Extracted information
>>>

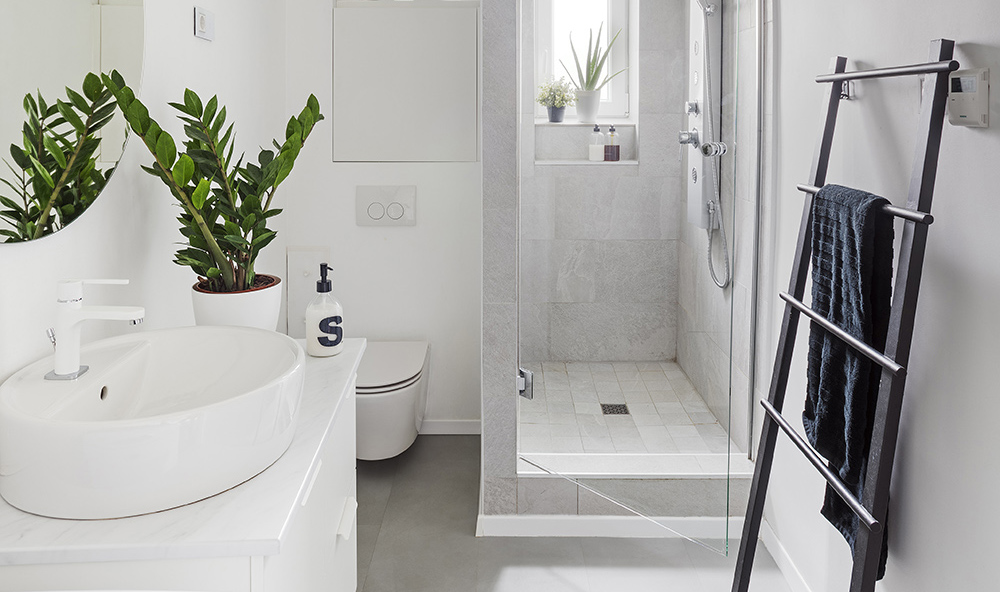 Létrából törölközőtartó: trendi megoldás a fürdőszobába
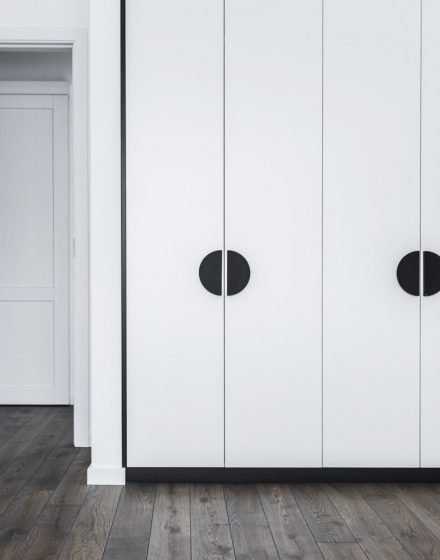 Drewniane dębowe podłogi: Graphite 3477. Dębowe drzwi: model D2F, malowane RAL-9003.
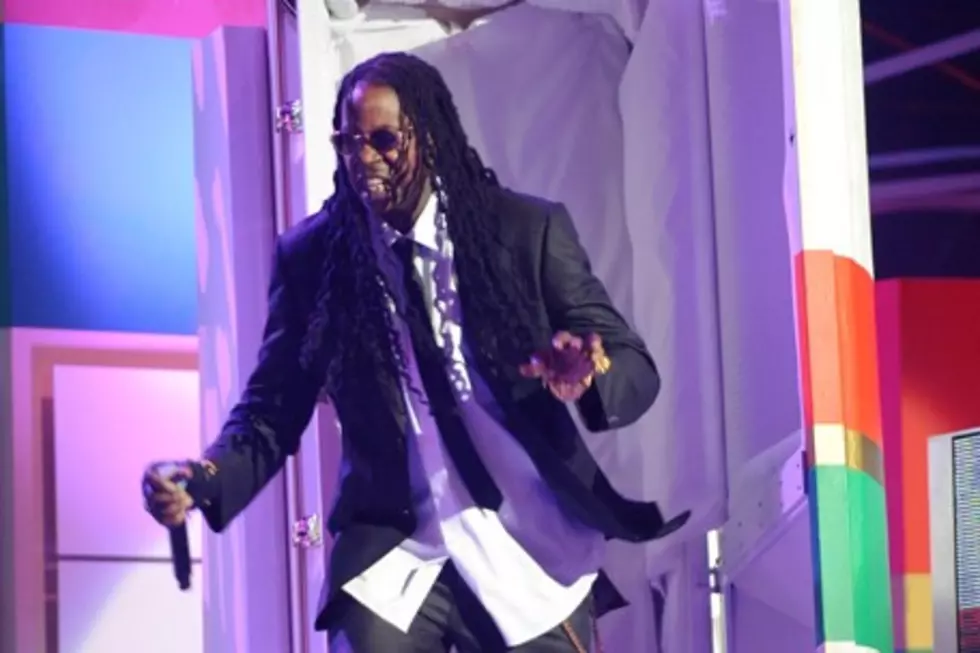2 Chainz, BET Hip Hop Awards 2012: Rapper Hops Out of Coffin, Plays Piano &#8212; Video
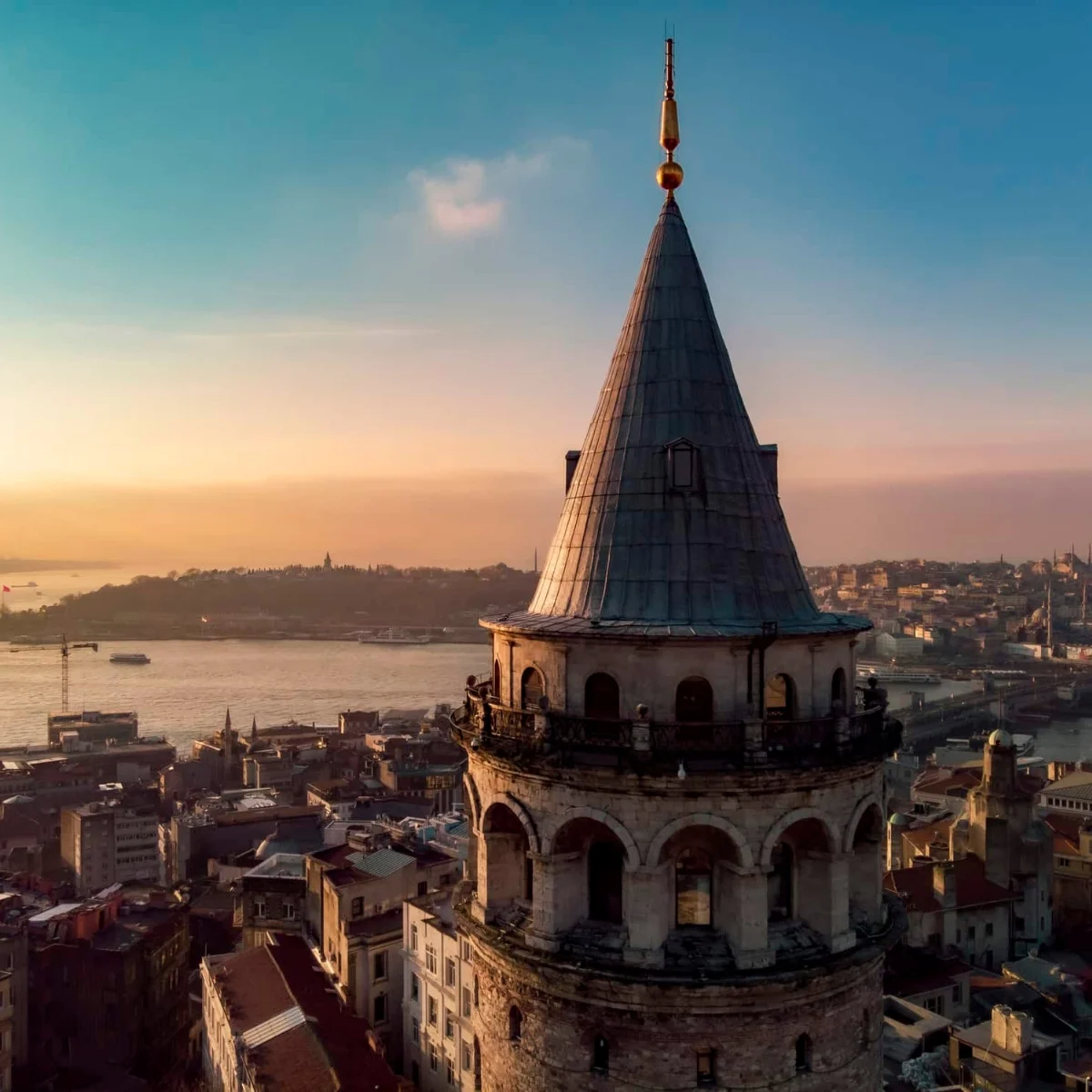 اليوم الثامن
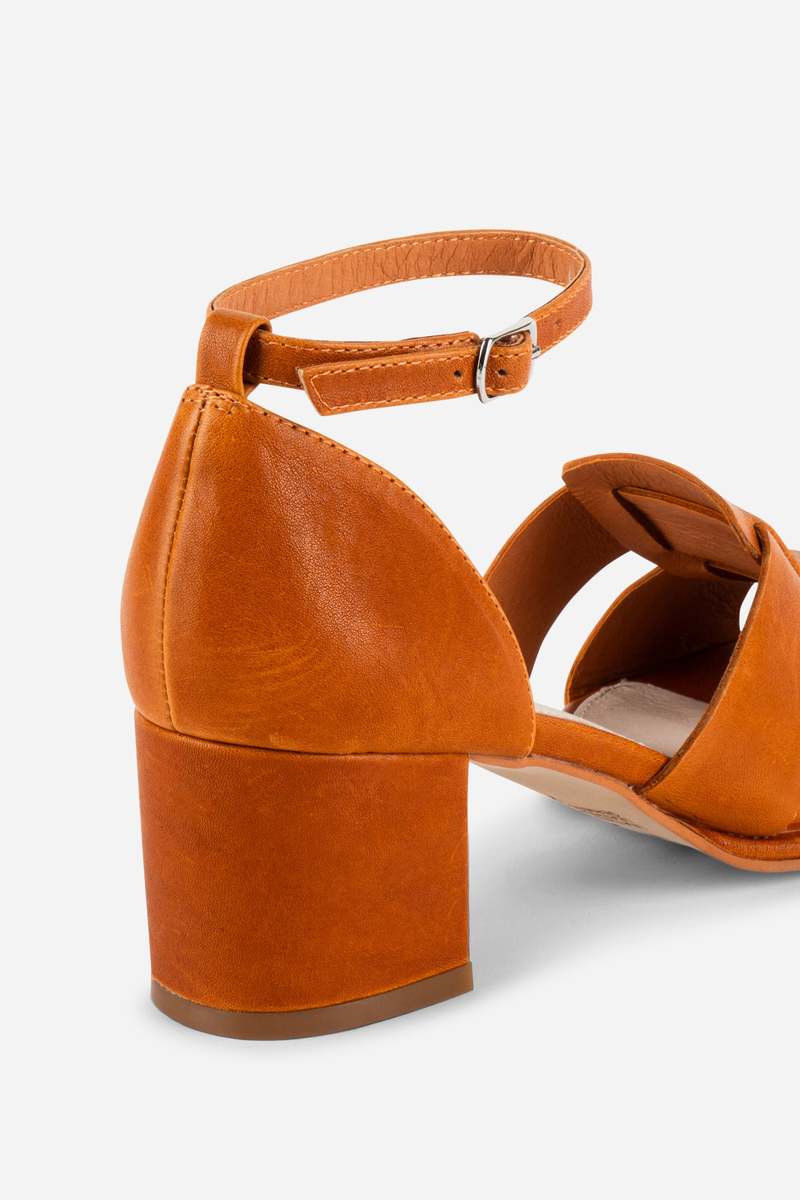 INTENTIONALLY __________. April Leather Fisherman Heel - Whiskey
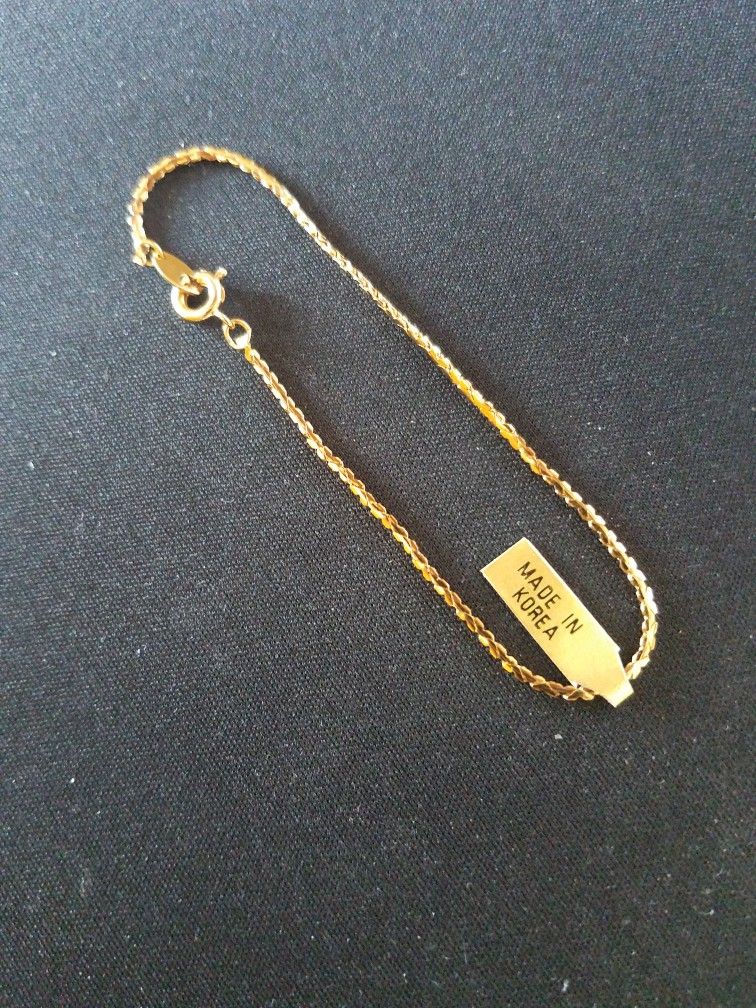 10 NEW 7" Gold Tone Bracelet / Anklet NWT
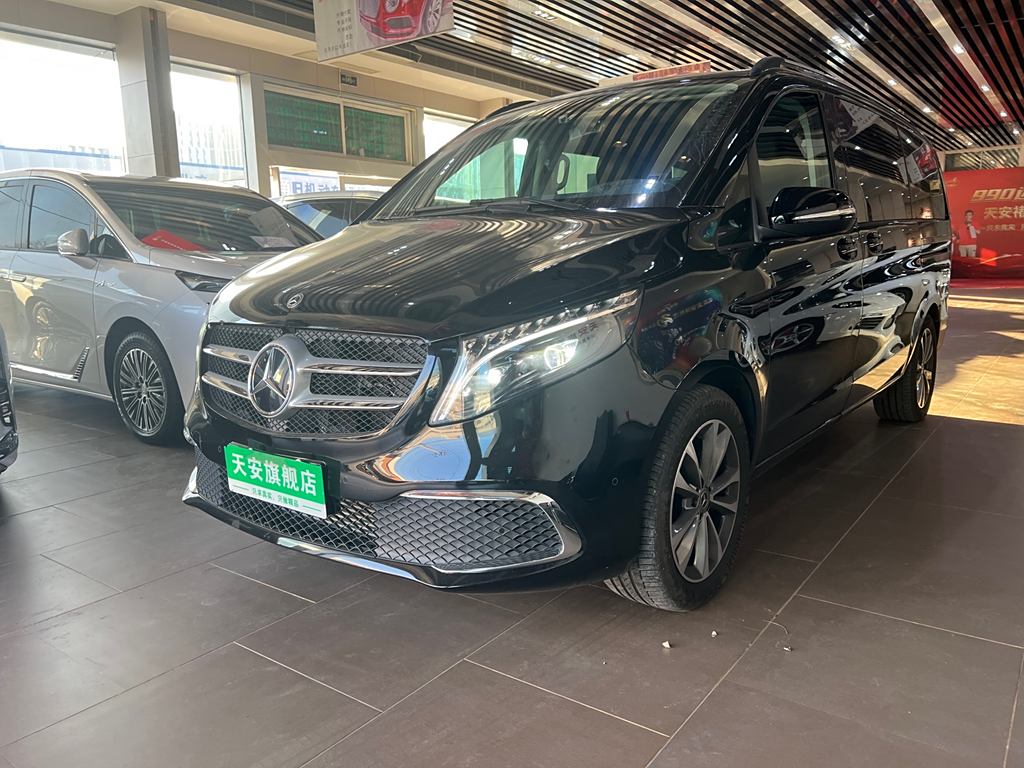 Mercedes-Benz V-Class 2022 V 260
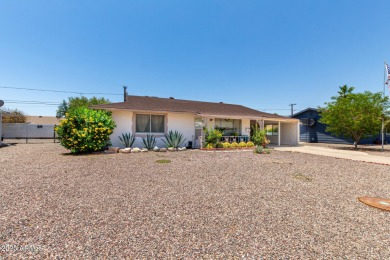 Discover the charm of mid-century living in this 2-bed, 1-bath on Sun City North Golf Course in Arizona - for sale on GolfHomes.com, golf home, golf lot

<<<

Task to complete
Could you give again precisely the lines from the one containing "INTENTIONALLY __________. April" through the final line of the material above, both included, and no others, dropping the pictures?

Exercise result
 INTENTIONALLY __________. April Leather Fisherman Heel - Whiskey
 10 NEW 7" Gold Tone Bracelet / Anklet NWT
 Mercedes-Benz V-Class 2022 V 260
 Discover the charm of mid-century living in this 2-bed, 1-bath on Sun City North Golf Course in Arizona - for sale on GolfHomes.com, golf home, golf lot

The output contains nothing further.